In our opinion as an organisation Trend Micro's product are only suitable for an SMB and do not scale well to large enterprises.  We're talking from 1000 nodes to 30,000 nodes

What do you have to say on that ?

We're also of the opinion of that there is no single management console for all of their products.  Can you correct me on that ?

Finally, I'd be grateful if you could confirm if Trend requires an Antivirus Scan and then an Antispyware scan  as seperate processes ?

When we decided that McAfee was the product of our choice to partner with, Trend did in fact require 2 scans, 1 for Viruses and then another for Spyware

I'd like to update my knowledge, so would like an opinon from you as a "Trend expert"

Thanks
Simon

top_rung,

Just on re-reading your post, I wouldn't be particularly boastful about Trend Micro winning the Hotmail contract from McAfee, having checked with various people, it was a contract won on price and not quality of product.

Also, notably there have been more complaints about spam problems since Trend have been servicing Hotmail that McAfee every had.  FYI - McAfee expect to have the contract back within 18 months (due to a 2 year deal being signed) simply because Trend's Spam filters are not up to the job that they declared and MS are not happy.

Thought you might be interested in that.

Anyway, I'd still like to know your comments about my questions above

Thanks
Simon

Wow I came across this on the Experts Lounge.  Security certainly is not my forte, but I can share my experience with you as you might find it relevant based on the fact that our environments are similar in size.
 
I use Mcafee Total Protection for small business.  I use it in conjuntion with my sonicwall.  I am very happy with it.  I especially like how I can deny people from going on the internet unless its installed and updated.  

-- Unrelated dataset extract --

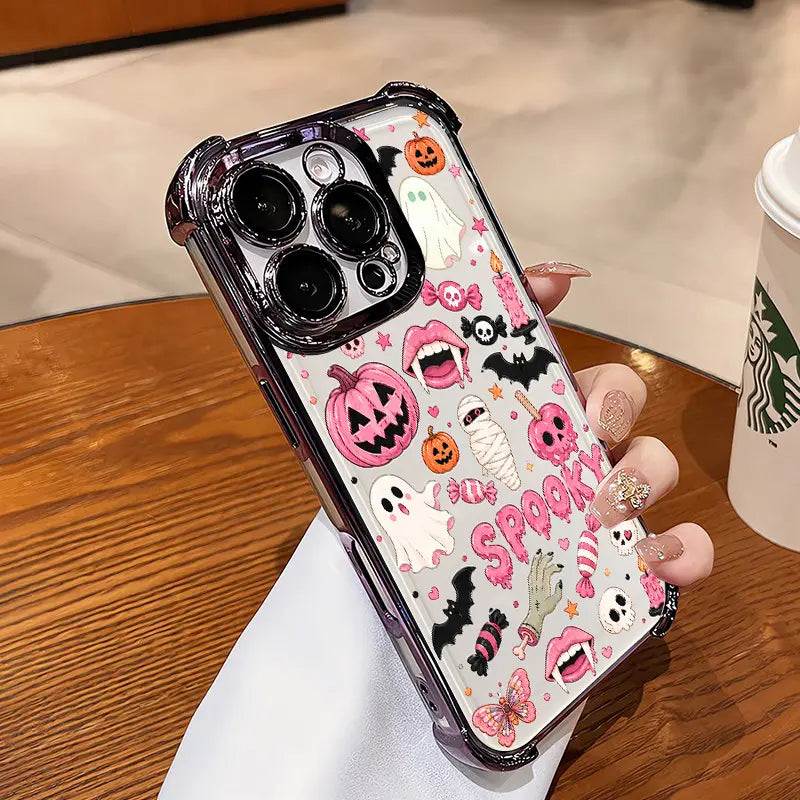 Cute Candy Pumpkin & Ghost Transparent Phone Case for iPhone 17 Pro Max – 4-Corner Anti-Fall Shockproof Cover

As for personal AV, I use AVG free and absolutely love it.  I would think that would be a reflection of their business product.  

Hi guys,
Sorry for not responding to the last info that you gave. I was on leave for 2 days, and surprisingly when I got back, your response are more on product "which one is best". I am not experts on this and even far  to comment all yours opinions.

For top_rung and the rest, I really appreciate your comments but please make it simple for me, I mean, don't go beyond of what I asked. I knew we are all free to give our opinions, but don't tell me that you are expert than others or vise versa. I don't want to crack my head for other stuff apart from what I am looking for. For non expert like me, I can't say who is wrong and right. It's even hard for me to give points to you. As long as your opinions sound reasonable to solve my problem, I will accept it regardless your background.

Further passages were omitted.